Problem statement:
Please print every record that follows, keeping each one exactly as it is.

Items from a dataset
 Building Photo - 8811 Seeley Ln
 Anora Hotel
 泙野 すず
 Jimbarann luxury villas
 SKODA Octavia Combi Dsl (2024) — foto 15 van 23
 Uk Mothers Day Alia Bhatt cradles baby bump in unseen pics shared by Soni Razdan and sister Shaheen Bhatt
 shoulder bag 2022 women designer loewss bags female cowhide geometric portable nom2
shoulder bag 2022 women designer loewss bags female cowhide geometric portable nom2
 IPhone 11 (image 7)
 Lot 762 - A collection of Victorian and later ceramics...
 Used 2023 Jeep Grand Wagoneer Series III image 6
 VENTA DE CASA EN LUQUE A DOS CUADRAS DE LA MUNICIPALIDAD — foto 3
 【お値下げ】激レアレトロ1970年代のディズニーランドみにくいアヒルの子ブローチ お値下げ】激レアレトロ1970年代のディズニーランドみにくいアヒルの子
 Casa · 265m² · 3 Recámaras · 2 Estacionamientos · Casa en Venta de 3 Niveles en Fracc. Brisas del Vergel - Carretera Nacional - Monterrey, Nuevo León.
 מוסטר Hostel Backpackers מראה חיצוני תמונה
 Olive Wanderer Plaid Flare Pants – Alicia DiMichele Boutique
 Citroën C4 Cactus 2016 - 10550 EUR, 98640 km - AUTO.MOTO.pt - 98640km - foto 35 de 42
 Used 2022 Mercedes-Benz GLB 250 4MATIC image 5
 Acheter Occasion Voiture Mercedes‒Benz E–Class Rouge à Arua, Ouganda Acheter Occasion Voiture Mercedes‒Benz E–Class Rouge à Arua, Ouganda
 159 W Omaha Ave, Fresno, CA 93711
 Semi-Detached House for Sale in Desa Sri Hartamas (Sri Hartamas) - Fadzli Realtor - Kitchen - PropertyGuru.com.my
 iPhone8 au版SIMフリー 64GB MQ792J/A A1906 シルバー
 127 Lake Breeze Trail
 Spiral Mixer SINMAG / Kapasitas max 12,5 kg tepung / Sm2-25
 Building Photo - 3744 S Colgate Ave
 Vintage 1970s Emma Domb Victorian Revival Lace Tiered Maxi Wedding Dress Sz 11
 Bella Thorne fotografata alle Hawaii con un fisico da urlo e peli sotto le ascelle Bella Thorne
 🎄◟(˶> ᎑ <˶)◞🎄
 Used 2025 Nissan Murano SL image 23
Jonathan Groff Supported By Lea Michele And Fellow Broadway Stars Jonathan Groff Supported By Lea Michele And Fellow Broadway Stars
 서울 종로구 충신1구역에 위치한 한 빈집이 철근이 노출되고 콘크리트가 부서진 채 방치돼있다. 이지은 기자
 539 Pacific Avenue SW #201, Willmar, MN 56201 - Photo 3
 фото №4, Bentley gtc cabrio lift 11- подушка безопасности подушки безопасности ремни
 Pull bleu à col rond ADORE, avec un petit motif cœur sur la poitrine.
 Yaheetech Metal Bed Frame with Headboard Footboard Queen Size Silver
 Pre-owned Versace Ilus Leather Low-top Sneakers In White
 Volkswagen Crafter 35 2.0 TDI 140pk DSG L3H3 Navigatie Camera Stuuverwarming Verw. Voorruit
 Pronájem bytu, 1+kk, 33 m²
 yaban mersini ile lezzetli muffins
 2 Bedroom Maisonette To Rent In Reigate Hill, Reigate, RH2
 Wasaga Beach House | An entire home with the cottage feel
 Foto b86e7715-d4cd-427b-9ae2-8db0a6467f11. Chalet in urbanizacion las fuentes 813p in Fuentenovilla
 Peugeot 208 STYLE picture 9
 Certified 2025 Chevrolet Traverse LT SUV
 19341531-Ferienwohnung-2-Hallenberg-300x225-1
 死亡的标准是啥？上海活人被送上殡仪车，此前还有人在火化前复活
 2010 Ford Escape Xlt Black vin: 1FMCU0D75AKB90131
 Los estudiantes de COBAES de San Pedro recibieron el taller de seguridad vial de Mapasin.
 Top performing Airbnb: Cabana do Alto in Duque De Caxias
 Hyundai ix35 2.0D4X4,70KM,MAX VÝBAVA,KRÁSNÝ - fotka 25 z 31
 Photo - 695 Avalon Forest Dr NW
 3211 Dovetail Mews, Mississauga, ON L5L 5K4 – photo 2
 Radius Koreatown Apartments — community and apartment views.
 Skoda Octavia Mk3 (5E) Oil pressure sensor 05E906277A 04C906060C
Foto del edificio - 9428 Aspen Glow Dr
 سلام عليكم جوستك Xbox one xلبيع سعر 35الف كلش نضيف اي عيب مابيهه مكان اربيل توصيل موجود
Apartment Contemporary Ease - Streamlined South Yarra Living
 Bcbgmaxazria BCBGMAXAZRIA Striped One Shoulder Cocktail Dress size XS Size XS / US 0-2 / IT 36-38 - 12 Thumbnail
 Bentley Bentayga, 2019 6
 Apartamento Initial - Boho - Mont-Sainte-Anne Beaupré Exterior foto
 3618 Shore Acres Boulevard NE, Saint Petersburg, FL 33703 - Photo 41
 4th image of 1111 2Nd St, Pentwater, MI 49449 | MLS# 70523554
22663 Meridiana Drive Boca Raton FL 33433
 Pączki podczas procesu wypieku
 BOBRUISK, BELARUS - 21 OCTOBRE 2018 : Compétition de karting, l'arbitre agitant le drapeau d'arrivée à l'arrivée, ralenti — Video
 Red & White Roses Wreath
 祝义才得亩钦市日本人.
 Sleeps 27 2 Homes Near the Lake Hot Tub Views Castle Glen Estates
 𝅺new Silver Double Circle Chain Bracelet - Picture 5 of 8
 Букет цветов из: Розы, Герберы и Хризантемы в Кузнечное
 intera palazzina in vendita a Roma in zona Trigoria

Exercise solution:
 Building Photo - 8811 Seeley Ln
 Anora Hotel
 泙野 すず
 Jimbarann luxury villas
 SKODA Octavia Combi Dsl (2024) — foto 15 van 23
 Uk Mothers Day Alia Bhatt cradles baby bump in unseen pics shared by Soni Razdan and sister Shaheen Bhatt
 shoulder bag 2022 women designer loewss bags female cowhide geometric portable nom2
shoulder bag 2022 women designer loewss bags female cowhide geometric portable nom2
 IPhone 11 (image 7)
 Lot 762 - A collection of Victorian and later ceramics...
 Used 2023 Jeep Grand Wagoneer Series III image 6
 VENTA DE CASA EN LUQUE A DOS CUADRAS DE LA MUNICIPALIDAD — foto 3
 【お値下げ】激レアレトロ1970年代のディズニーランドみにくいアヒルの子ブローチ お値下げ】激レアレトロ1970年代のディズニーランドみにくいアヒルの子
 Casa · 265m² · 3 Recámaras · 2 Estacionamientos · Casa en Venta de 3 Niveles en Fracc. Brisas del Vergel - Carretera Nacional - Monterrey, Nuevo León.
 מוסטר Hostel Backpackers מראה חיצוני תמונה
 Olive Wanderer Plaid Flare Pants – Alicia DiMichele Boutique
 Citroën C4 Cactus 2016 - 10550 EUR, 98640 km - AUTO.MOTO.pt - 98640km - foto 35 de 42
 Used 2022 Mercedes-Benz GLB 250 4MATIC image 5
 Acheter Occasion Voiture Mercedes‒Benz E–Class Rouge à Arua, Ouganda Acheter Occasion Voiture Mercedes‒Benz E–Class Rouge à Arua, Ouganda
 159 W Omaha Ave, Fresno, CA 93711
 Semi-Detached House for Sale in Desa Sri Hartamas (Sri Hartamas) - Fadzli Realtor - Kitchen - PropertyGuru.com.my
 iPhone8 au版SIMフリー 64GB MQ792J/A A1906 シルバー
 127 Lake Breeze Trail
 Spiral Mixer SINMAG / Kapasitas max 12,5 kg tepung / Sm2-25
 Building Photo - 3744 S Colgate Ave
 Vintage 1970s Emma Domb Victorian Revival Lace Tiered Maxi Wedding Dress Sz 11
 Bella Thorne fotografata alle Hawaii con un fisico da urlo e peli sotto le ascelle Bella Thorne
 🎄◟(˶> ᎑ <˶)◞🎄
 Used 2025 Nissan Murano SL image 23
Jonathan Groff Supported By Lea Michele And Fellow Broadway Stars Jonathan Groff Supported By Lea Michele And Fellow Broadway Stars
 서울 종로구 충신1구역에 위치한 한 빈집이 철근이 노출되고 콘크리트가 부서진 채 방치돼있다. 이지은 기자
 539 Pacific Avenue SW #201, Willmar, MN 56201 - Photo 3
 фото №4, Bentley gtc cabrio lift 11- подушка безопасности подушки безопасности ремни
 Pull bleu à col rond ADORE, avec un petit motif cœur sur la poitrine.
 Yaheetech Metal Bed Frame with Headboard Footboard Queen Size Silver
 Pre-owned Versace Ilus Leather Low-top Sneakers In White
 Volkswagen Crafter 35 2.0 TDI 140pk DSG L3H3 Navigatie Camera Stuuverwarming Verw. Voorruit
 Pronájem bytu, 1+kk, 33 m²
 yaban mersini ile lezzetli muffins
 2 Bedroom Maisonette To Rent In Reigate Hill, Reigate, RH2
 Wasaga Beach House | An entire home with the cottage feel
 Foto b86e7715-d4cd-427b-9ae2-8db0a6467f11. Chalet in urbanizacion las fuentes 813p in Fuentenovilla
 Peugeot 208 STYLE picture 9
 Certified 2025 Chevrolet Traverse LT SUV
 19341531-Ferienwohnung-2-Hallenberg-300x225-1
 死亡的标准是啥？上海活人被送上殡仪车，此前还有人在火化前复活
 2010 Ford Escape Xlt Black vin: 1FMCU0D75AKB90131
 Los estudiantes de COBAES de San Pedro recibieron el taller de seguridad vial de Mapasin.
 Top performing Airbnb: Cabana do Alto in Duque De Caxias
 Hyundai ix35 2.0D4X4,70KM,MAX VÝBAVA,KRÁSNÝ - fotka 25 z 31
 Photo - 695 Avalon Forest Dr NW
 3211 Dovetail Mews, Mississauga, ON L5L 5K4 – photo 2
 Radius Koreatown Apartments — community and apartment views.
 Skoda Octavia Mk3 (5E) Oil pressure sensor 05E906277A 04C906060C
Foto del edificio - 9428 Aspen Glow Dr
 سلام عليكم جوستك Xbox one xلبيع سعر 35الف كلش نضيف اي عيب مابيهه مكان اربيل توصيل موجود
Apartment Contemporary Ease - Streamlined South Yarra Living
 Bcbgmaxazria BCBGMAXAZRIA Striped One Shoulder Cocktail Dress size XS Size XS / US 0-2 / IT 36-38 - 12 Thumbnail
 Bentley Bentayga, 2019 6
 Apartamento Initial - Boho - Mont-Sainte-Anne Beaupré Exterior foto
 3618 Shore Acres Boulevard NE, Saint Petersburg, FL 33703 - Photo 41
 4th image of 1111 2Nd St, Pentwater, MI 49449 | MLS# 70523554
22663 Meridiana Drive Boca Raton FL 33433
 Pączki podczas procesu wypieku
 BOBRUISK, BELARUS - 21 OCTOBRE 2018 : Compétition de karting, l'arbitre agitant le drapeau d'arrivée à l'arrivée, ralenti — Video
 Red & White Roses Wreath
 祝义才得亩钦市日本人.
 Sleeps 27 2 Homes Near the Lake Hot Tub Views Castle Glen Estates
 𝅺new Silver Double Circle Chain Bracelet - Picture 5 of 8
 Букет цветов из: Розы, Герберы и Хризантемы в Кузнечное
 intera palazzina in vendita a Roma in zona Trigoria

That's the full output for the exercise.